**Work instruction**
Among the entries below, find the line with "Tablier imperméable anti-tache", then quote it and each following line up to and including the line with "Realemon Lemon Juice", and nothing else.

════

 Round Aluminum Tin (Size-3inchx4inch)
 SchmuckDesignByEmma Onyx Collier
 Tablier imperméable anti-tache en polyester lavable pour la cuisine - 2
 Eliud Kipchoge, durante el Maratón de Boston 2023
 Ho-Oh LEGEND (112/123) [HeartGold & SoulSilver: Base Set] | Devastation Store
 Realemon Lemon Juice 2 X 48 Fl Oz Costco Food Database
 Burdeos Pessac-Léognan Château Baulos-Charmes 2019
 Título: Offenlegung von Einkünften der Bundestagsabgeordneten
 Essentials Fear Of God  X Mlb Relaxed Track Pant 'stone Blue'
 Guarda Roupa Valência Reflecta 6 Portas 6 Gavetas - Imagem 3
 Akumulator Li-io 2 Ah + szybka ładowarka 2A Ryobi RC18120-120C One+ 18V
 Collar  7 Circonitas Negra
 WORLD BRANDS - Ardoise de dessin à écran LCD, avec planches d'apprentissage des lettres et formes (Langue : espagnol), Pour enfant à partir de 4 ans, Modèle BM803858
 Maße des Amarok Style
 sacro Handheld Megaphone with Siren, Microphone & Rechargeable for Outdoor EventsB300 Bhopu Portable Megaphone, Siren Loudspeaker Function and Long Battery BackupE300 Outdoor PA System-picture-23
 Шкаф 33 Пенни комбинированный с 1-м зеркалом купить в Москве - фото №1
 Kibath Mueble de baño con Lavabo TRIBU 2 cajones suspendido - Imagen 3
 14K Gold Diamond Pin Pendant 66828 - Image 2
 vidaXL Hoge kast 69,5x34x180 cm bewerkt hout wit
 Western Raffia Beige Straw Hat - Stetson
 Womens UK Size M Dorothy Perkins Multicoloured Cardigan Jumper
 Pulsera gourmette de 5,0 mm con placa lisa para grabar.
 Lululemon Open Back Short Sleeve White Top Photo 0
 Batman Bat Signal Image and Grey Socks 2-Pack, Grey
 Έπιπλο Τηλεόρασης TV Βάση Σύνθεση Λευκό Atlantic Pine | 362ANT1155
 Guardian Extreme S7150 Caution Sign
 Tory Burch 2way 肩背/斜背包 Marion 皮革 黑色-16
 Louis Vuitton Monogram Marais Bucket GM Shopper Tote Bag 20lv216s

════

**Written response**
 Tablier imperméable anti-tache en polyester lavable pour la cuisine - 2
 Eliud Kipchoge, durante el Maratón de Boston 2023
 Ho-Oh LEGEND (112/123) [HeartGold & SoulSilver: Base Set] | Devastation Store
 Realemon Lemon Juice 2 X 48 Fl Oz Costco Food Database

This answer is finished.